* **Extracted material**

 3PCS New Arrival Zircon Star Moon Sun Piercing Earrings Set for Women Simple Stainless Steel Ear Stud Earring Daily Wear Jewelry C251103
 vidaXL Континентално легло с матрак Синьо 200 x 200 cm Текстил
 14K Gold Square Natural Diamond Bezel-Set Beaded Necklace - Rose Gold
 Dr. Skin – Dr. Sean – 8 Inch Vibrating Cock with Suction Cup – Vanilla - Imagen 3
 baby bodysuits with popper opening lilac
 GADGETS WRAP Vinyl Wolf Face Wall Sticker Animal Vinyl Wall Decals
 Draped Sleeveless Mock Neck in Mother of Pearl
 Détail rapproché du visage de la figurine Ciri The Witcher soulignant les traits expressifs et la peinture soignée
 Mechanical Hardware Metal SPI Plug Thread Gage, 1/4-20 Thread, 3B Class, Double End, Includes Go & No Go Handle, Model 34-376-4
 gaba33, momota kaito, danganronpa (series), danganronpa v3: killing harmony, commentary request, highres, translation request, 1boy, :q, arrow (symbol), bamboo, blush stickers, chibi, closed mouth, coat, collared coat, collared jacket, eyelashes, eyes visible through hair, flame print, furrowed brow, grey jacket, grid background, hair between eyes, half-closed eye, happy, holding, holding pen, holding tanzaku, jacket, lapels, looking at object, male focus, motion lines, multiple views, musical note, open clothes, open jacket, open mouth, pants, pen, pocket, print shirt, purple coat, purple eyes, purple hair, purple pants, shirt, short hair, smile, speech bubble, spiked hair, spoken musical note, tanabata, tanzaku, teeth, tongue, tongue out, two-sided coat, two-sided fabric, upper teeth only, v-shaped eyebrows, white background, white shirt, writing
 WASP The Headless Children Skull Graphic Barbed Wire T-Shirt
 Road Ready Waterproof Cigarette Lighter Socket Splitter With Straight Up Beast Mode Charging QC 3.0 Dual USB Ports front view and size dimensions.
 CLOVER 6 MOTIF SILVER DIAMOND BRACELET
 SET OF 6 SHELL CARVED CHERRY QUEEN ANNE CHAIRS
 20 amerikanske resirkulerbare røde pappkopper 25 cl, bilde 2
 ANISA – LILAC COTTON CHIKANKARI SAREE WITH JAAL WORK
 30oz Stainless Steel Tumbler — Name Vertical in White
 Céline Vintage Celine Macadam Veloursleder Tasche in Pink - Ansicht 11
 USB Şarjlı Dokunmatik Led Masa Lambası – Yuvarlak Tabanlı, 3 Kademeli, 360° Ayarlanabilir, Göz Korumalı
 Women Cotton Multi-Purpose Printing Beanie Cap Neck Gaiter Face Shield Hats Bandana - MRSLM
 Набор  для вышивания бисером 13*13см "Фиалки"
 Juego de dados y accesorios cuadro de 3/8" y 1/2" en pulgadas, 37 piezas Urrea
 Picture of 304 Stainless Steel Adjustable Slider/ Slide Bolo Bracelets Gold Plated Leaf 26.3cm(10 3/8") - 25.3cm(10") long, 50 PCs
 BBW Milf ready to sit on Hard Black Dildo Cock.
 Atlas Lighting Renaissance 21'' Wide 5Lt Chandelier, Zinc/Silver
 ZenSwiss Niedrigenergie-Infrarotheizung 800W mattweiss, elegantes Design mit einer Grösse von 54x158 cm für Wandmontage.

* **Problem details**
Your task is to retype, exactly and only, the lines from the one with "30oz Stainless Steel" through the final line above.

* **Written answer**
 30oz Stainless Steel Tumbler — Name Vertical in White
 Céline Vintage Celine Macadam Veloursleder Tasche in Pink - Ansicht 11
 USB Şarjlı Dokunmatik Led Masa Lambası – Yuvarlak Tabanlı, 3 Kademeli, 360° Ayarlanabilir, Göz Korumalı
 Women Cotton Multi-Purpose Printing Beanie Cap Neck Gaiter Face Shield Hats Bandana - MRSLM
 Набор  для вышивания бисером 13*13см "Фиалки"
 Juego de dados y accesorios cuadro de 3/8" y 1/2" en pulgadas, 37 piezas Urrea
 Picture of 304 Stainless Steel Adjustable Slider/ Slide Bolo Bracelets Gold Plated Leaf 26.3cm(10 3/8") - 25.3cm(10") long, 50 PCs
 BBW Milf ready to sit on Hard Black Dildo Cock.
 Atlas Lighting Renaissance 21'' Wide 5Lt Chandelier, Zinc/Silver
 ZenSwiss Niedrigenergie-Infrarotheizung 800W mattweiss, elegantes Design mit einer Grösse von 54x158 cm für Wandmontage.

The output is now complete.